◆ **Action item**: Leave out all pictures. Return exactly the lines from the top of the material through the line containing "Choker Necklaces for".

◆ **Provided data**:

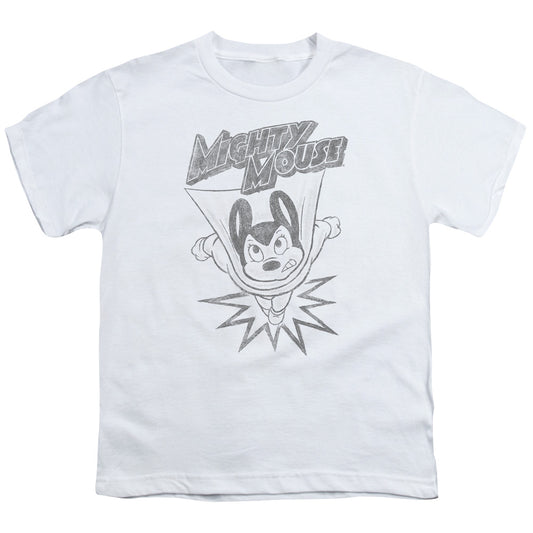 Mighty Mouse Bursting Out Kids Youth T Shirt White Officially Licensed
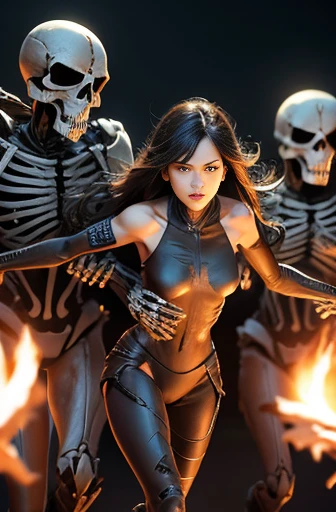 slender black-haired woman（）medium breast　several skeleton soldiers surround a woman　the skeleton soldiers violently restrained ...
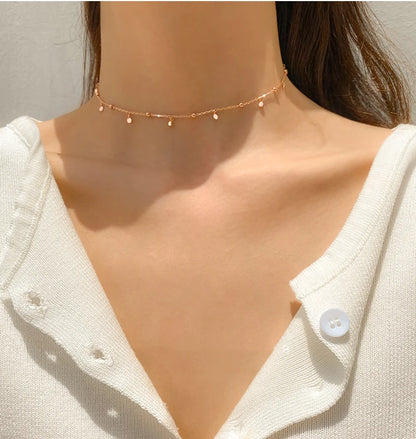 Choker Necklaces for Women Real 925 Sterling Silver Geometric irregular Round Necklaces Clavicle Chain Cute Jewelry Accessories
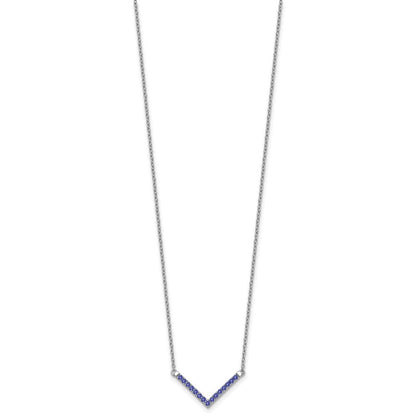 14K Weißgold Tansanit 18 Zoll. V Halskette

◆ **Response to this task**:
 Mighty Mouse Bursting Out Kids Youth T Shirt White Officially Licensed
 slender black-haired woman（）medium breast　several skeleton soldiers surround a woman　the skeleton soldiers violently restrained ...
 Choker Necklaces for Women Real 925 Sterling Silver Geometric irregular Round Necklaces Clavicle Chain Cute Jewelry Accessories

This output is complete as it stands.